Slowly, Harry walked up the overgrown path to the house. A sickly, rancid smell assaulted his senses, and from the sound of rushing water nearby, he assumed the stench arose from the dirty river they'd driven over a few minutes earlier. He looked back once to see his uncle still leaning against the car door, arms crossed smugly over his chest.

Harry turned back to face the unknown house and took a deep breath. He had no idea where he was or who lived here, if anyone did at all. His hand repeatedly went to his jeans pocket where his wand should have been—but wasn't. He had left it on his bedside table while he'd worked outside in the garden. In hindsight that had been a mistake, but he hadn't expected to be ferreted away without even being allowed in the house to clean up first, much less grab his wand and pack his meagre belongings. His aunt and uncle had long ago forbade him from keeping it on his person, though he did so as often as he could.

He felt his legs tremble as he took the last few steps to the door. What if his uncle had been paid to deliver him to the home of Death Eaters? He looked quickly around the neighbourhood and saw no immediate signs of life. It both looked and felt empty and deserted. No one would ever know what had happened to him.

He jumped when he heard a loud click. Whirling around, he saw that it was only his uncle, opening the boot of the car. His heart racing, he turned back and stared at the heavy wooden door. Small, curtained windows framed it on either side. He raised a hand and knocked, softly at first, and then a bit harder. His palms were sweaty. Restlessly, he passed the envelope from hand to hand.

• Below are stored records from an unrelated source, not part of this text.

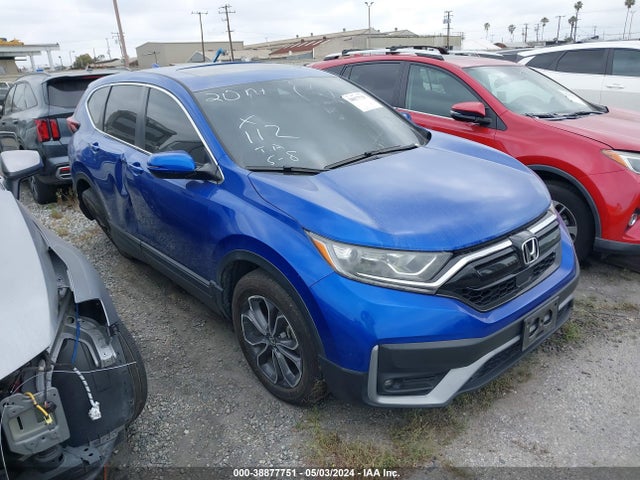 Honda Cr-v 2wd Ex-l 2020 7FARW1H8XLE006758 main image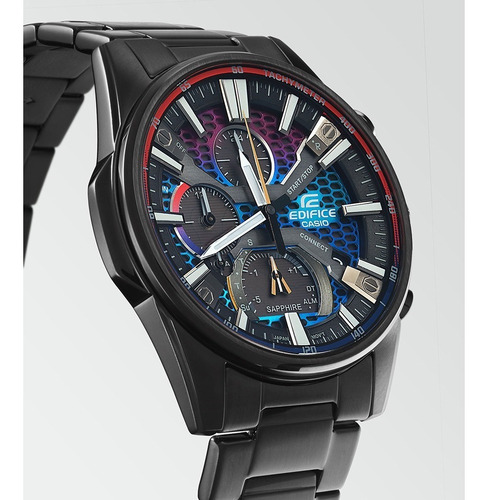 Reloj Casio Edifice Eqb-1200hg-1a Orig Lcal Barrio Belgrano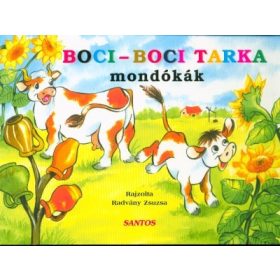 Válogatás: Boci-boci tarka mondókák /Leporelló
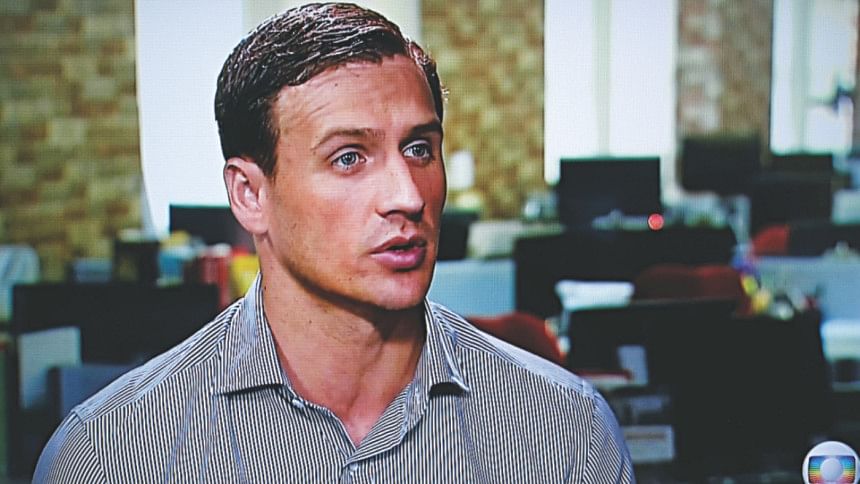American swimmer Ryan Lochte American swimmer, Ryan Lochte, rio olympics 2016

Harry heard some thumps in the distance, but as he'd just seen the curtains flutter, he didn't turn around to see what had caused the noise. He held his breath as the door was unlocked and cracked open a fraction of an inch to reveal part of a suspicious dark eye framed in a pale face.

"What do you wa…"

The deep, familiar voice—which had cut off quite abruptly at the sight of him—sliced the air, sending a rushing wave of icy dread through Harry's veins. His head swam and he reached out to grasp the door frame for support. Just as the door to the small house was flung open, he heard a car door slam. He turned around in time to see his relatives speed away, his belongings in a pile on the cobblestones near the curb.

Dread and anger battled one another as he turned back to face the one man he hated more than any other: the man that had made his life a living hell since he'd first stepped foot in Hogwarts School for Witchcraft and Wizardry. And from the looks of it, the man his relatives had just foisted him upon.